Unraveling the confusion around Quantum-Safe Encryption

Rapid advances in Quantum Computing (QC) raise big expectations and some concerns. We observe this dichotomy between hype and doomsday scenarios with the introduction of many innovations (see also the discussion on opportunities and threats of AI). Since risks of quantum computing for traditional encryption have entered experts’ awareness, a discussion is going on whether either a new kind of software-based mathematical cryptography, like Post-Quantum Cryptography (PQC) or Quantum Key Distribution (QKD) based on the laws of physics are the solution for quantum secure encryption. My answer is clear: there is no “either-or” here; both approaches have their merits and play an essential role in a quantum-safe future!

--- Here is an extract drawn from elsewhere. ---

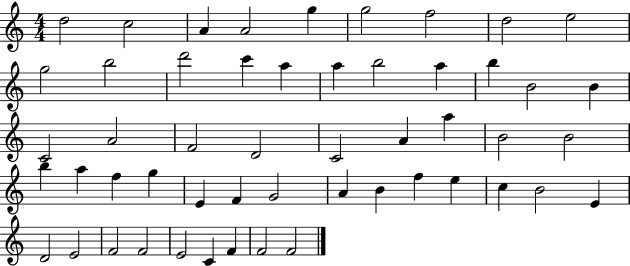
D5/h C5/h A4/q A4/h G5/q G5/h F5/h D5/h E5/h G5/h B5/h D6/h C6/q A5/q A5/q B5/h A5/q B5/q B4/h B4/q C4/h A4/h F4/h D4/h C4/h A4/q A5/q B4/h B4/h B5/q A5/q F5/q G5/q E4/q F4/q G4/h A4/q B4/q F5/q E5/q C5/q B4/h E4/q D4/h E4/h F4/h F4/h E4/h C4/q F4/q F4/h F4/h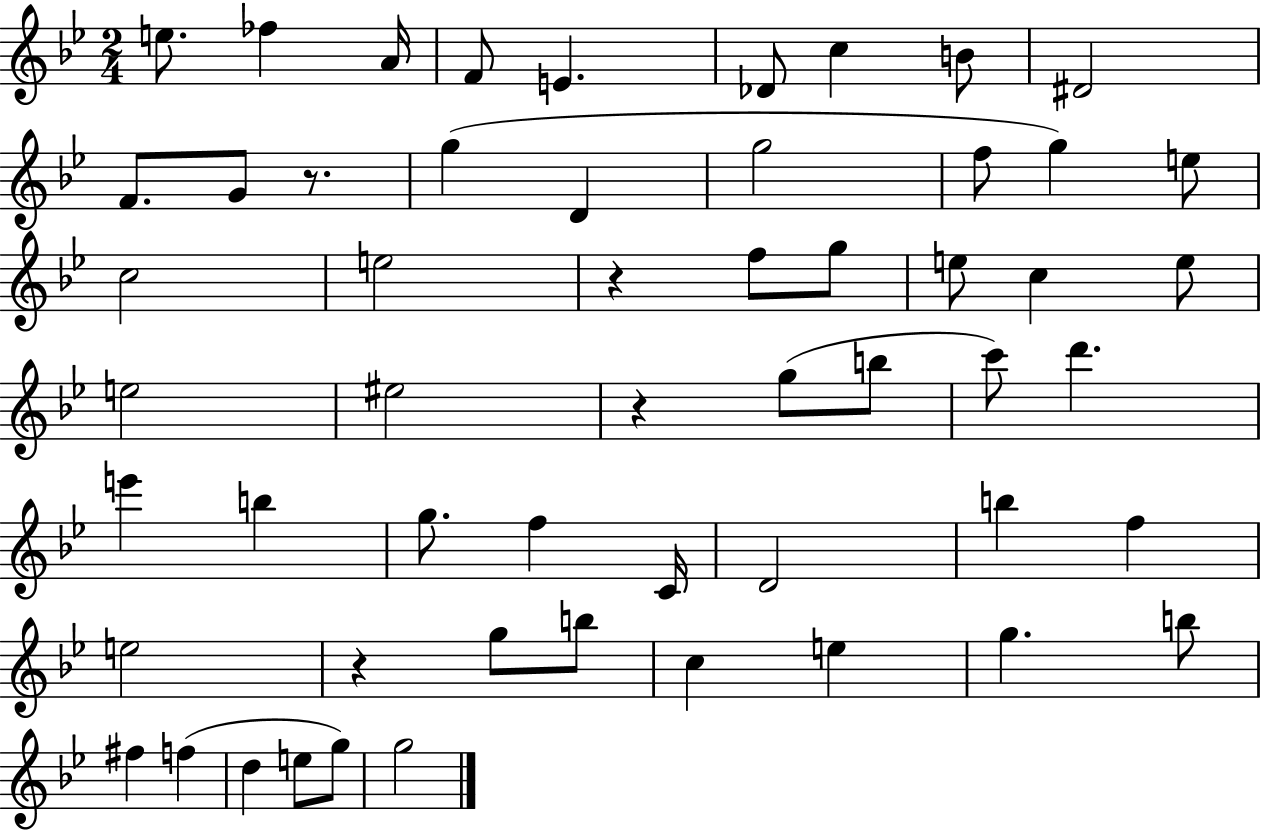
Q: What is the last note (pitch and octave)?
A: G5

From a holistic view, I expect Post-Quantum Cryptography (PQC) to find its place for the majority of “everyday” applications and equipment. At the same time, Quantum Key Distribution (QKD), as the “gold standard” of quantum cryptography, is the method of choice for adequate protection of critical infrastructure, such as data-center links, telecom networks, energy grids, and traffic networks. The advantage of PQC is that it is relatively easy to implement. Still, the disadvantage is that, like all mathematical methods, it relies on the unproven assumption that no algorithm exists to break the encryption. On the other hand, QKD requires investment in infrastructure with new quantum equipment, but the laws of physics make it impossible to outsmart.

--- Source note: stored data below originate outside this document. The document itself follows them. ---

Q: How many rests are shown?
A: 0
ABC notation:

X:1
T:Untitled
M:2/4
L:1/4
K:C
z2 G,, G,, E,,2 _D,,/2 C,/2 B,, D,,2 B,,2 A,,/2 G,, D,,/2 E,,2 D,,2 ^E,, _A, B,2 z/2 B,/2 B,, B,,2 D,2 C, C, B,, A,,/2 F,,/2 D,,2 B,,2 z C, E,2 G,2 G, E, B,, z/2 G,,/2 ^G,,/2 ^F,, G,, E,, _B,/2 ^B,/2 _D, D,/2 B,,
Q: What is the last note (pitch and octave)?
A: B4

Not every device can host QKD protocols, especially for consumer products like smartphones. Therefore, implementing PQC is the solution of choice for most “everyday” applications and devices, as it will serve as a necessary complement to current encryption methods. PQC will be important for most end-users. 

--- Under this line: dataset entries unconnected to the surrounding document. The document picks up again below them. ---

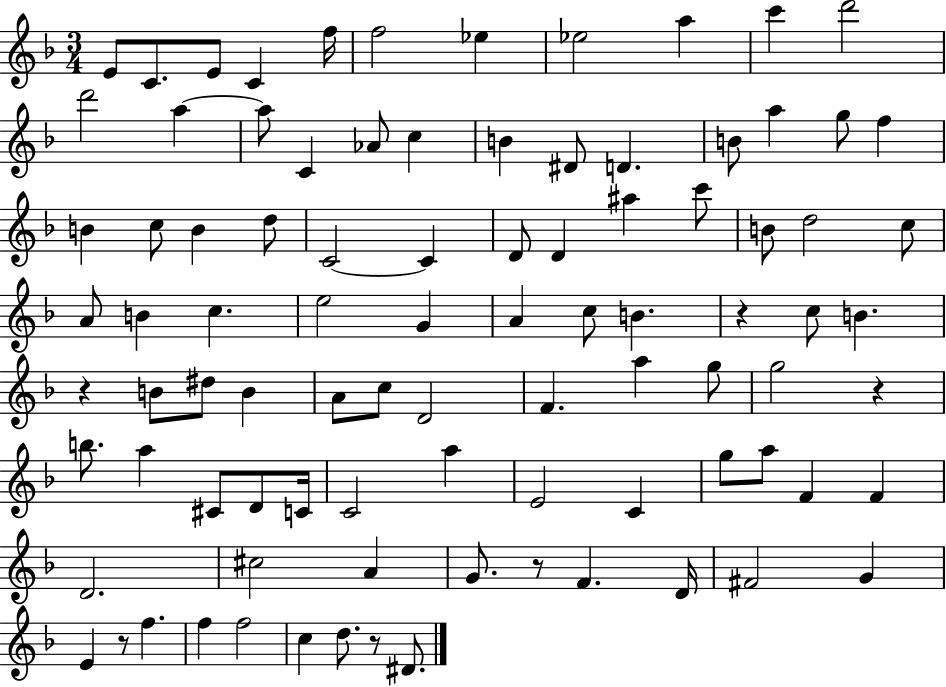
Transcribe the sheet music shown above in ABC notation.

X:1
T:Untitled
M:3/4
L:1/4
K:F
E/2 C/2 E/2 C f/4 f2 _e _e2 a c' d'2 d'2 a a/2 C _A/2 c B ^D/2 D B/2 a g/2 f B c/2 B d/2 C2 C D/2 D ^a c'/2 B/2 d2 c/2 A/2 B c e2 G A c/2 B z c/2 B z B/2 ^d/2 B A/2 c/2 D2 F a g/2 g2 z b/2 a ^C/2 D/2 C/4 C2 a E2 C g/2 a/2 F F D2 ^c2 A G/2 z/2 F D/4 ^F2 G E z/2 f f f2 c d/2 z/2 ^D/2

QKD is the gold standard for securing critical infrastructures to avoid societal disruption and enormous consequential damage in the finance industry, power generation and distribution, transportation systems, and the communications industry. Since QKD is based on the laws of physics, it is resistant to all possible quantum attacks, no matter what knowledge, tools, or computing power a hacker may possess.

In the quantum era, physical security through QKD will play an indispensable role in safeguarding critical networks and data.